Heavy oil can be upgraded catalytically via aquathermolysis viscosity reduction and catalytic oxidation technologies. Using them may result in an irreversible drop in the viscosity of heavy oils [1,2,3]. Injecting a cracking catalyst into a heavy oil reservoir at high temperatures (>200 °C) decreases the apparent viscosity of the heavy oil [4,5]. In contrast, catalytic oxidation reactions occur at low temperatures, often below 160 °C. Catalytic oxidation technology integrates various types of oil recovery methods, such as oxidation modification and self-emulsification. In terms of the mechanism, the essence of low-temperature catalytic oxidation technology lies in the removal of heteroatoms, which is demonstrated by effectively breaking the heteroatom side chain of polycyclic aromatic hydrocarbon and weakening the hydrogen bond between the lamellar structures of heavy oil [6]. This can effectively increase the viscosity reduction rate of heavy oil, improving the quality of crude oil and enhancing the flowability of heavy oil.
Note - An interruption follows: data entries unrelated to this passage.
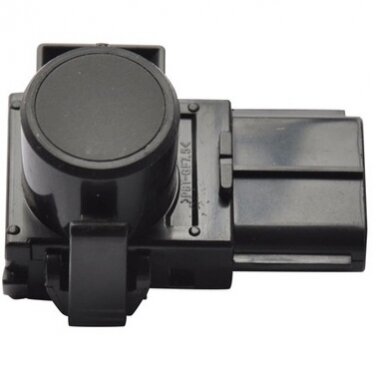 Toyota parkavimo PDC daviklis sensorius OEM 89341-33130 parktronikas Toyota parkavimo PDC daviklis sensorius OEM 89341-33130 parktronikas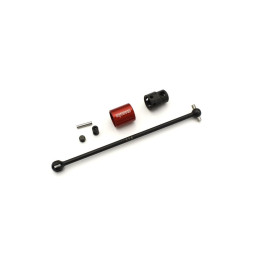 IFW615 Cap Universal Shaft CVD HD 116mm. (1) Inferno MP10 IFW615 Kyosho RSRC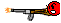 Klicke auf die Grafik für eine vergrößerte Ansicht

Name: smilie-maschinengewehr.gif
Ansichten: 401
Größe: 1,4 KB
ID: 5124656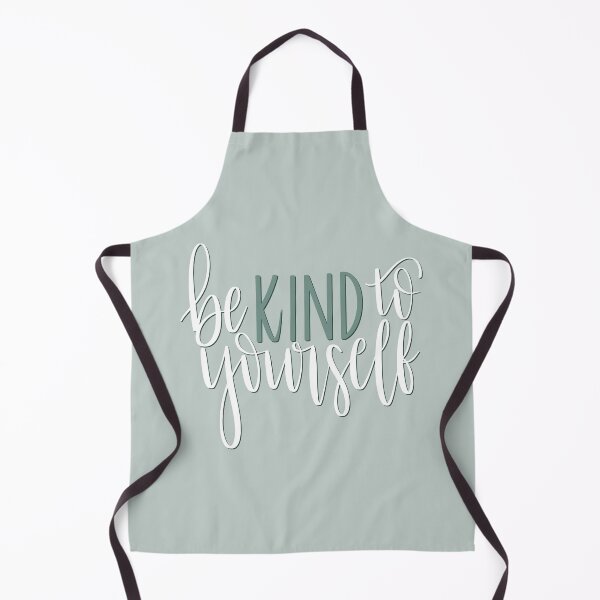 Item preview, Be Kind To Yourself designed and sold by CDBCreations.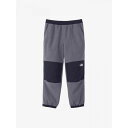 ザ・ノース・フェイス THE NORTH FACE デナリスリップオンパンツ メンズ NA72454-Z
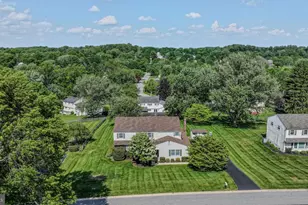 1337 Mark Dr, West Chester, PA 19380 - Photo 5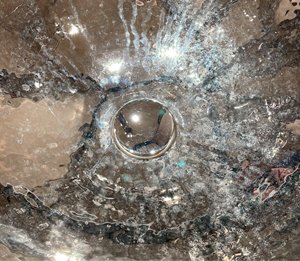 Damage-4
The technology has the advantages of low cost, low temperature, mild reaction conditions, and easy operation, effectively promoting the recovery of heavy oil. The key to low-temperature catalytic oxidation technology is the preparation of special catalysts to improve the efficiency of the low-temperature oxidation reaction of heavy oil, as well as the oxidation of C-R (R = S, N, O) bonds into alcohols, aldehydes, or carboxylic acids, which are located on the side chains of polycyclic aromatic hydrocarbon of heavy oil [7,8,9].

Among the catalysts that can be used for the catalytic oxidation of heavy oil, transition metal-based catalysts are particularly prominent, especially ferric-based catalysts. The outer valence electron configuration of the iron element is 3d⁶4s²; when the outermost electrons are lost, an empty orbit is created, and the ferric ion is obtained, which is electrophilic. If a heteroatom containing lone pair electrons is nearby, the ferric ion nucleus will attract the lone pair electrons, which will rapidly fill the hole. Thus, the metal active center of the catalyst attacks the C-R (R = S, N, O) bonds, and the reactive oxygen seals the end forming oxygen-containing groups. Catalysts such as ferric oleate, iron naphthenate, ferric dodecylbenzene sulfonate, ferric acety-lacetonate, metallic oxide nanoparticles, and so on, have been used in aquathermolysis and the catalytic oxidation of heavy oil, showing better modification effects and better viscosity reduction [10,11,12,13,14,15,16,17]. Zhou [18] compared γ-Al₂O₃ and Fe₃O₄ nanoparticles with a traditional displacement agent for heavy oil upgrading. They found that Fe₃O₄ nanoparticles can promote the upgrading of heavy oil, improving the oxygen consumption rate of heavy oil catalytic oxidation at low temperatures. Li [19] found that α-Fe₂O₃ has a strong effect on asphaltene modification, reflected in the reduction of S and N content, the reduction of aromatic degree, and the reduction of viscosity from 161,180 mPa·s to 45,882 mPa·s.

However, although nanoparticle catalysts exhibit good catalytic modification performance, their application is limited due to their characteristics of easy agglomeration and problematic injection formation. Therefore, the catalytic performance of the ferric-based organic complex needs to be further studied because they easily come into contact with oil and can be easily injected into the formation.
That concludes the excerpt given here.